Menteri Agama Yaqut Cholil Qoumas menyampaikan, kalau usulan rata-rata BPIH per jemaah pada tahun depan sebesar Rp105.095.032,34. Anggaran tersebut, akan dibagi dalam dua komponen, yaitu komponen yang dibebankan langsung kepada Jemaah Haji (Bipih/Biaya Perjalanan Ibadah Haji) dan komponen yang dibebankan kepada dana nilai manfaat (optimalisasi). 

Dalam menyusun usulan BPIH, pemerintah menggunakan asumsi nilai tukar kurs dollar terhadap rupiah sebesar Rp16.000. Sedangkan asumsi nilai tukar SAR terhadap rupiah sebesar Rp4.266. Pemerintah juga mempertimbangkan prinsip efisiensi dan efektivitas dalam menentukan komponen BPIH, sehingga penyelenggaraan ibadah haji dapat terlaksana dengan baik, dengan biaya yang wajar.

Menanggapi itu, Ketua Umum (Ketum) DPP Asphirasi (Aliansi Pengusaha Haramain Seluruh Indonesia) Amaludin Wahab mengatakan, ibadah haji menurut syariat adalah untuk mereka yang mampu. Sehingga, jika pemerintah mengurangi subsidi pun, hal itu seharusnya tidak memengaruhi minat masyarakat melaksanakan ibadah haji.

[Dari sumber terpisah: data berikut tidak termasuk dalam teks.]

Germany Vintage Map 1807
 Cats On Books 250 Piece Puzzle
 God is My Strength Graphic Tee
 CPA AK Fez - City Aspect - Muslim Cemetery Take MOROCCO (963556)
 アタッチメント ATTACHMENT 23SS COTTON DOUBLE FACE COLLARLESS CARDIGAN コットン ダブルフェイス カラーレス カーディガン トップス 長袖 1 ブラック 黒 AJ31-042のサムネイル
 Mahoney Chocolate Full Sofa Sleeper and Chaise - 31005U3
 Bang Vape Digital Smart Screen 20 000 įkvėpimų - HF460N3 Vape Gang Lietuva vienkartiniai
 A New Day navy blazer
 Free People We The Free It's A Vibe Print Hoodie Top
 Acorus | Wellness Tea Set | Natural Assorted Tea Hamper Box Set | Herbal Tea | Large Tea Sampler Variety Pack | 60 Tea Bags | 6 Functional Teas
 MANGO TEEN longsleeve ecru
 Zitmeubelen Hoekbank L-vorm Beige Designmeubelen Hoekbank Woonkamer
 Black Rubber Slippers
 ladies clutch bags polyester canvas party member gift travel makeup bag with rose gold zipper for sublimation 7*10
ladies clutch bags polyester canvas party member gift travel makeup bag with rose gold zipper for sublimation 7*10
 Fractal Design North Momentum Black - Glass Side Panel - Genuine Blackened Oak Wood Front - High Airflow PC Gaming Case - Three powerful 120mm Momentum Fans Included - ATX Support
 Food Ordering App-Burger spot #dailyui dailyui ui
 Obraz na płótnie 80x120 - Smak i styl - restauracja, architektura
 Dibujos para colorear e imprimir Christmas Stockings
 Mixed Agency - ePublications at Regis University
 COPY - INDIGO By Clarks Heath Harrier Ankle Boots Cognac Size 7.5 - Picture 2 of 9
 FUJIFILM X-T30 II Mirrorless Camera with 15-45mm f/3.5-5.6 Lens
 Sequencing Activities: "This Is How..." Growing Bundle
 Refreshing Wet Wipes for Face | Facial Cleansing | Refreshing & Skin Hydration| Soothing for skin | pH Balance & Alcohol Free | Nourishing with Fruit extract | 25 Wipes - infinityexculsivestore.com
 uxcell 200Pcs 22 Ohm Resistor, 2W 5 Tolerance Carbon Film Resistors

"Ibadah haji itu untuk orang yang mampu. Jadi kurang relevan kalau pemerintah memberikan subsidi kepada masyarakat yang hendak ibadah haji reguler. Karena keberangkatan ibadah haji tidak perlu dipaksakan," kata dia saat dihubungi Alinea.id, Minggu (19/11).